4 Cups of Warm Water (or 2, if you're halvinguse as hot as my tap water gets.

1 Cup Sugar (or 1/2 cup, if you're halving)

3 Tablespoons Active Dry Yeast (or 4 1/2 tsp, if you're halving) Make sure it is “active dry yeast” and not “rapid rise" or "breadmachine". You should measure it, if you are using envelopes…but, if you buy by the jar, be sure to keep refrigerated. It freezes well too (for up to 2 years!). Let sit out for a short while to get to room temperature, before using.
9 Cups Bread Flour (or 4 1/2 cups, if you're halving) Bread flour is best, as it will have more gluten, which gives structure to your loaf. 
2 cups whole wheat flour, 1/2 cup ground flax seed, and 1/2 cup quick oats (or 1 cup ww flour, 1/4 cup flax seed, and 1/4 cup oatmeal, for the half amounts)
3 Teaspoons Salt (or 1 1/2 tsp., for the half recipe) Don't forget or leave salt out, it really adds flavor!

DIRECTIONS:
  1. In a very large mixing bowl, measure your water, then sugar, and gently whisk or stir together. Add yeast, stir again, and cover bowl with a towel.
  2. Measure your dry ingredients in another large bowl.
  3.  After about 10-20 minutes, your yeast mixture should look delightfully frothy on top, like the top of a root beer--and will smell like a real beer. (This is called "proofing".) Stir it gently and begin to add the dry ingredients to it, one cup at a time, stirring the flour gently first with a whisk, and then with a spoon, until all 12 cups of flour are in the bowl.
  4. Add a little extra flour to your hands, if you want, and knead the dough, at least 20-30 minutes, either in the very large bowl, or on a lightly-floured counter or tabletop.
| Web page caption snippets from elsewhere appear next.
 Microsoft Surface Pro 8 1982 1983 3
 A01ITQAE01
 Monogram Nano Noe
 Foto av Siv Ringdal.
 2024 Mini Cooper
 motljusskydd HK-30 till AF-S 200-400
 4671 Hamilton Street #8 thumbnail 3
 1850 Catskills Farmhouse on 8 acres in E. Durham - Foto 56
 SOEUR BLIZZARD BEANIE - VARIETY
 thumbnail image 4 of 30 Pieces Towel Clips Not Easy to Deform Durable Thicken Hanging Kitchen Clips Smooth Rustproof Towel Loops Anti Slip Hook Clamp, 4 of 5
Kneading consists of turning the dough a quarter of a turn, folding the dough over from the top toward you, and pushing it down with the palms of your hands. That's turn, fold, and push. Knead till all the flour is assimilated and your loaf is fairly smooth and not sticky or dry, not falling apart or too bumpy. (If you choose to use a table mixer with a dough hook, be sure to half the recipe and only bake two loaves, or even cut it down to one loaf. Mix with the dough hook for about ten minutes or so, after all the dry ingredients have been added, a cup at a time.)
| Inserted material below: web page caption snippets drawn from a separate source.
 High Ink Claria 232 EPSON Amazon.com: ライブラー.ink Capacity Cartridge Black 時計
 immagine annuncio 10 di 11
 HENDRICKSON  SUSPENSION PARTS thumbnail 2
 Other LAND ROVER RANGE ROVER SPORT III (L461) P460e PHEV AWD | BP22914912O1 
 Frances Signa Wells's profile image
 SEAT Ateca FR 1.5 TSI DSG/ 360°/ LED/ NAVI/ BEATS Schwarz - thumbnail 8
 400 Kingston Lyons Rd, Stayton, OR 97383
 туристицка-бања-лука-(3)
  5. Place kneaded dough in a large, sprayed-oiled bowl and cover once again with the towel. It's good to have both sides of your dough oiled, so put it in the oiled bowl smooth side down, then turn it over so both sides are oiled, smooth side on top. You can even spray a bit of oil on top of dough, if it seems particularly dry.
  6. After an hour of rising, your dough should have risen significantly, almost doubled. (Spray-oil your 8"x 4" baking pans while you wait.)
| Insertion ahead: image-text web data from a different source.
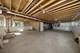 10441 S 83rd, Palos Hills, IL 60465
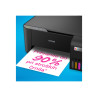 Epson | Multifunctional printer | EcoTank L3230 | Inkjet | Colour | All-in-one | A4 | Black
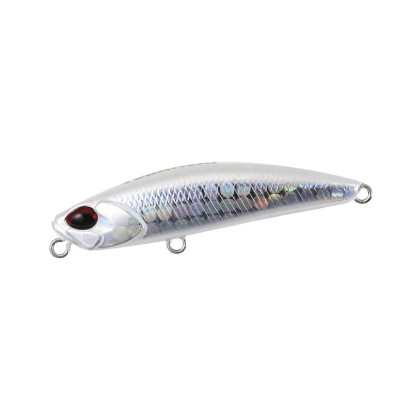 PEZ DUO YURAPEN TETRA WORKS 48 2,5 GR. 48 MM AQA0111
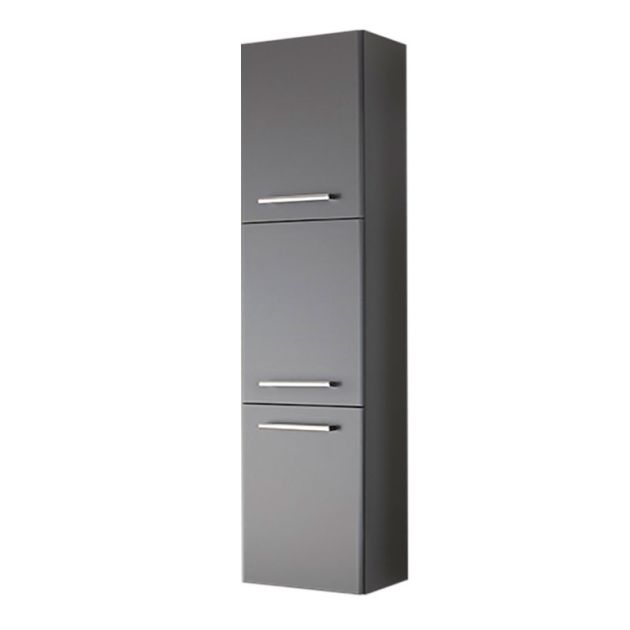 Pelipal PCON Hochschrank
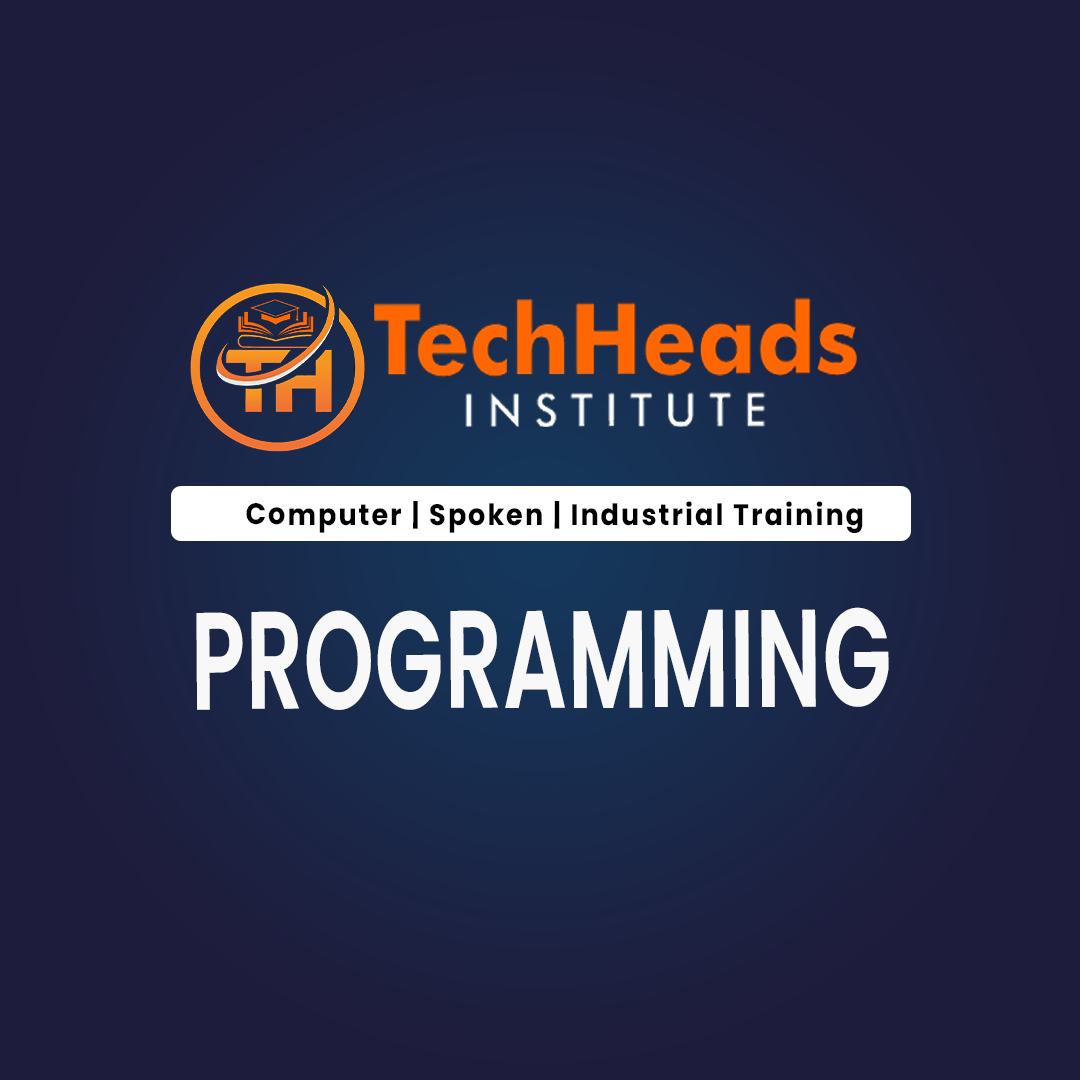 Website Designing Course Phagwara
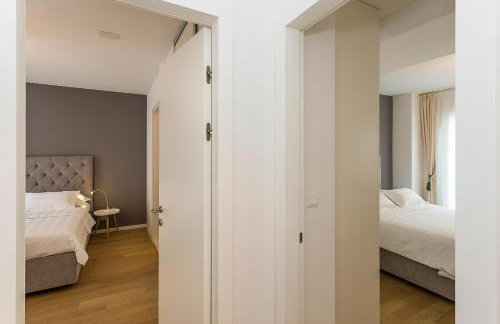 Perla Apartmani Split - Photo 74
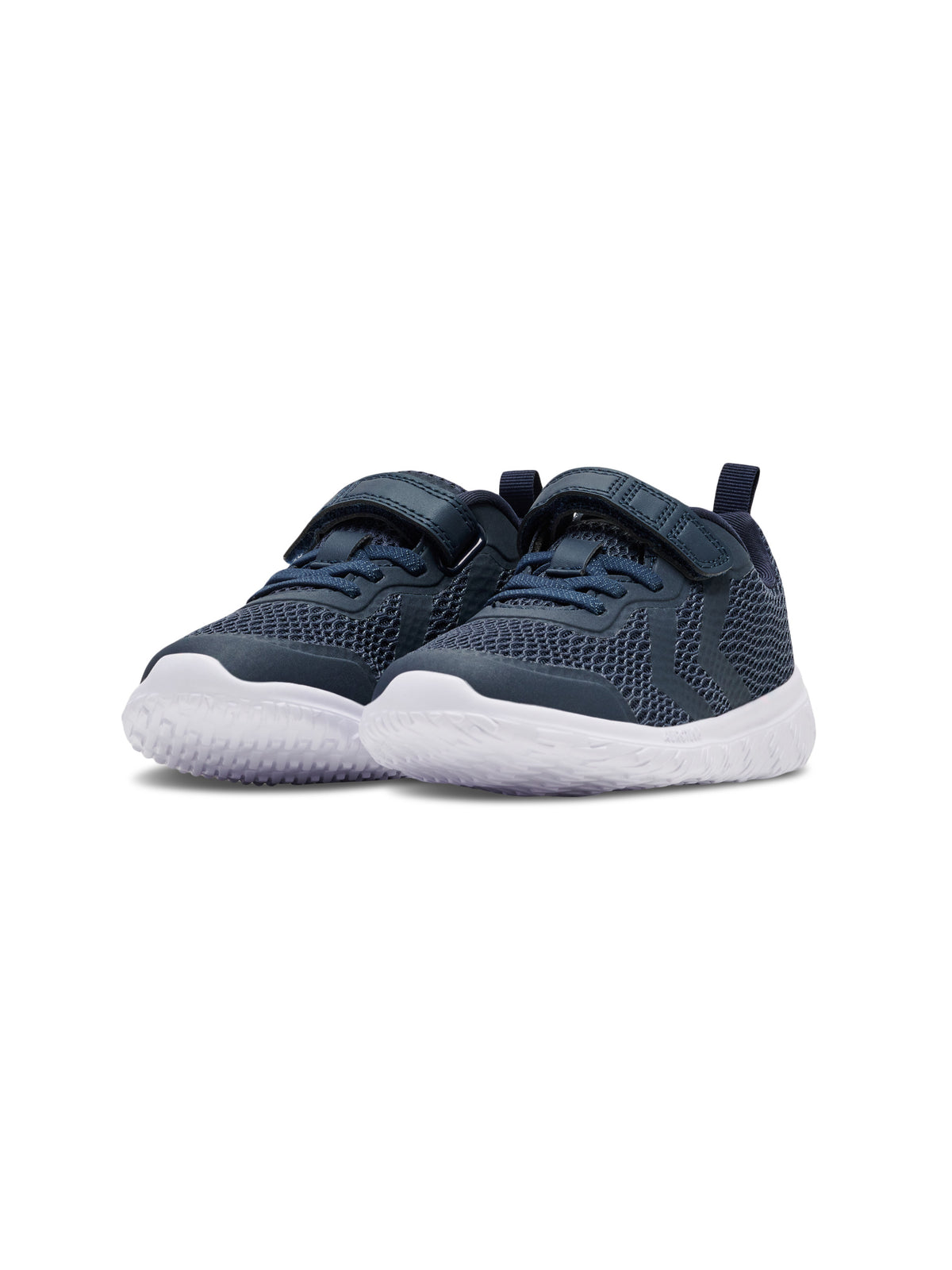HUMMEL Actus Recycled Kind (black iris)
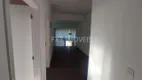 Foto 15 de Casa de Condomínio com 3 Quartos à venda, 230m² em Swiss Park, Campinas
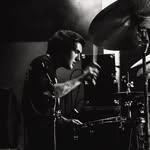 Jon Brenner - @jonmbrenner - Instagram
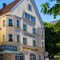 Cityhotel Kempten - map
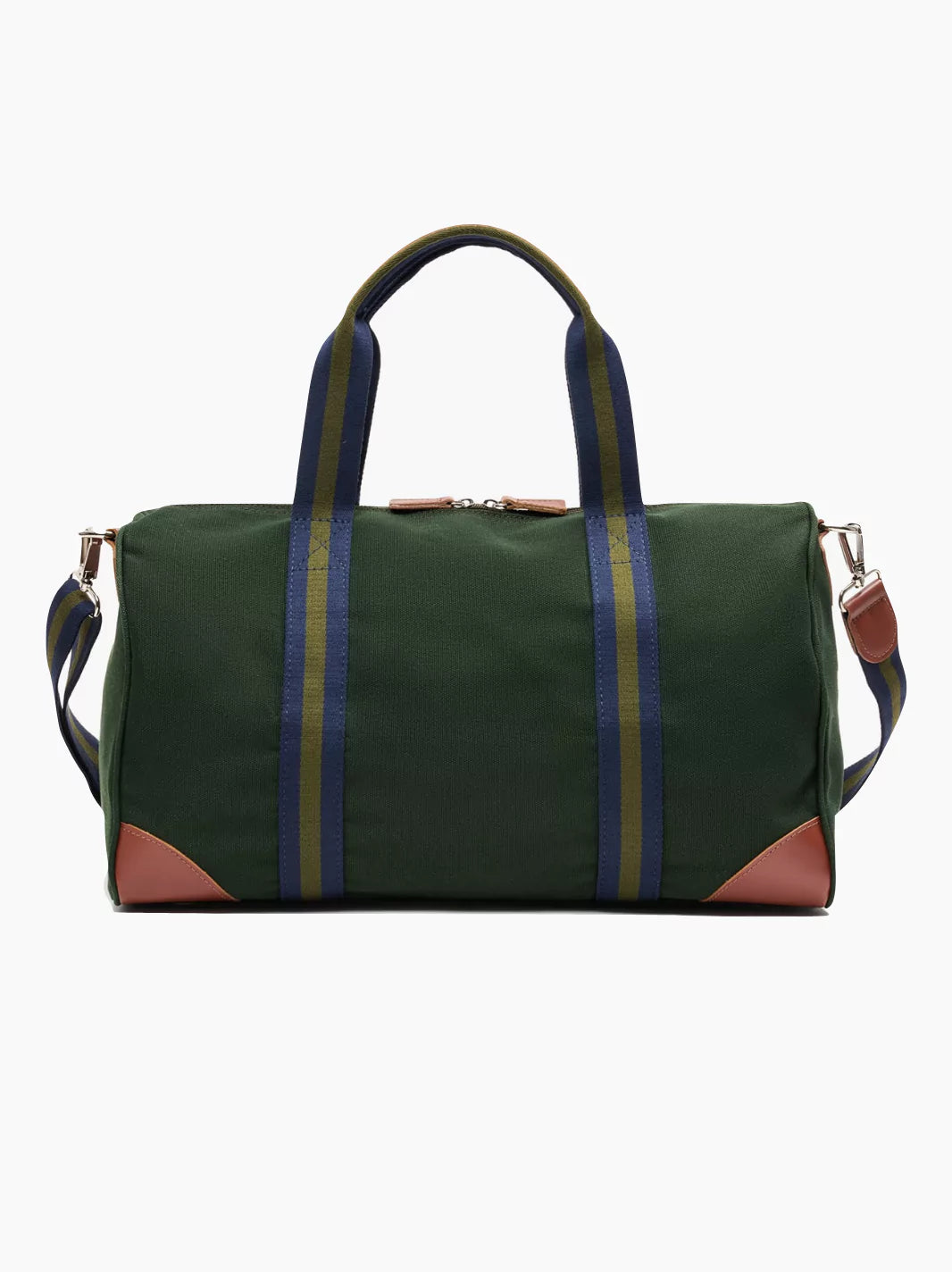 Boston Duffel Bag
  7. Punch the top of the dough for awhile to deflate it, or get some of the air out. Turn dough out onto a counter or table and divide into loaves, using a knife (serrated is best). It helps if you have a food scale to make sure the loaves are divided evenly. Otherwise, just guess as best as you can.
  8. Then knead individual loaves briefly, if desired, shaping each one into a round or oval ball. With a rolling pin, roll the ball down to a rectangle shape, getting all the air bubbles out, as much as possible. Roll the flattened shape tightly, like a jelly roll, pinching it shut. Fold the ends under, and place in a oiled baking pan, smooth side on top. (You can also braid a loaf, or roll out and make cinnamon or dinner rolls, etc. and put on a greased/oiled baking sheet with all or part of the dough.)
  9. Place the loaf pans on top of your stove and allow to rise again for about 30 minutes—where the heat from your oven, preheating those last 10-15 minutes or so, will help them rise.
  10. After allowing the dough to rise for 30 minutes in the loaf pans, bake in a preheated oven at 350 degrees for 30 minutes.
  11. Take the loaves out of the pans right away. You might want to shake the pan a bit to loosen it from the bottom. Should come sliding right out. Put them on a cooling rack and brush with melted butter, if desired (or just slide the end of a stick of butter from the fridge on the loaf tops--this mostly makes the crust a little softer, looks shiny and pretty, and adds a bit of flavor).
  12. The loaves will slice better and be less doughy, healthier to eat, if you wait for the bread to cool for at least an hour or two before indulging.